### MATERIAL FOR THIS EXERCISE
- - - - - - -
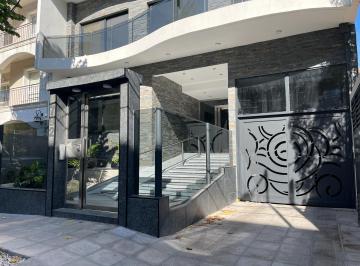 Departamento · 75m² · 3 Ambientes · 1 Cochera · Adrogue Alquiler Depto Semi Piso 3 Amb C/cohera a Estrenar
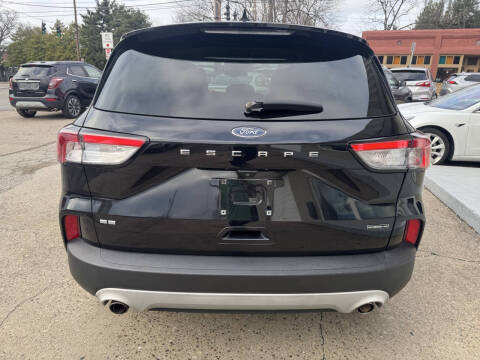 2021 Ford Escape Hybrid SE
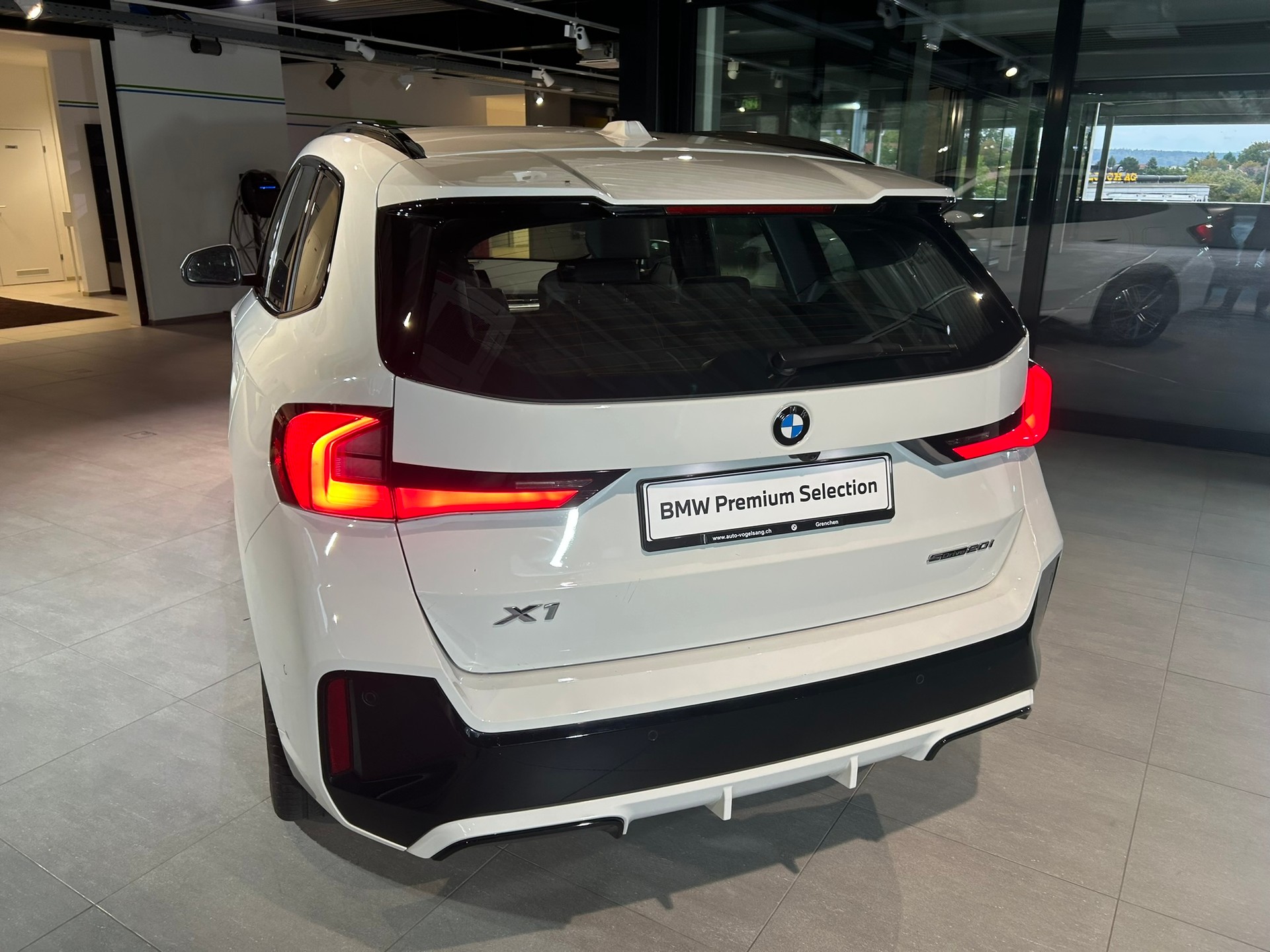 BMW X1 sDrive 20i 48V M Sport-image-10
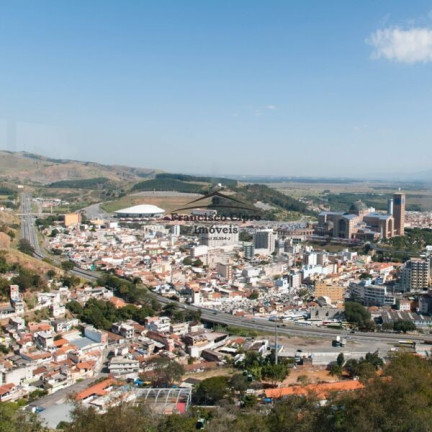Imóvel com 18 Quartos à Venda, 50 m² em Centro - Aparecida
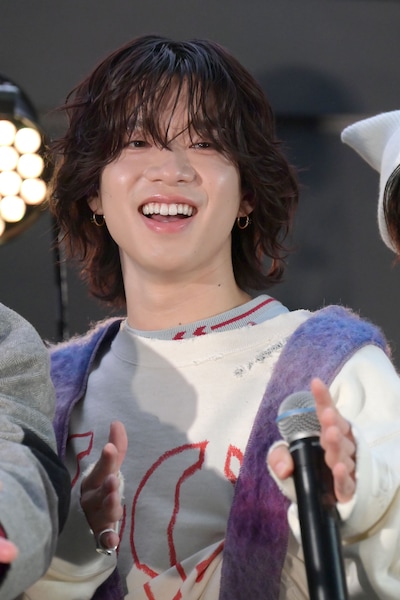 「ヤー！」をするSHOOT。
- - - - - - -
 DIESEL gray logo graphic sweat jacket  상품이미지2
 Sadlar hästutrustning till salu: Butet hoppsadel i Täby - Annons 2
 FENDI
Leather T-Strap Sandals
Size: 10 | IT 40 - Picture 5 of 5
- - - - - - -
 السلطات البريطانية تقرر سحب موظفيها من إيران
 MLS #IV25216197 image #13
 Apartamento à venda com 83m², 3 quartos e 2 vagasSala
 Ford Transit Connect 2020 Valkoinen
- - - - - - -
### INSTRUCTIONS FOR THE TASK
The range runs from the line with "Leather T-Strap Sandals" up to and including the line with "Size: 10 | IT 40 - Picture 5 of 5" in the listing above; please write out exactly those lines and nothing more.

### WRITTEN SOLUTION
Leather T-Strap Sandals
Size: 10 | IT 40 - Picture 5 of 5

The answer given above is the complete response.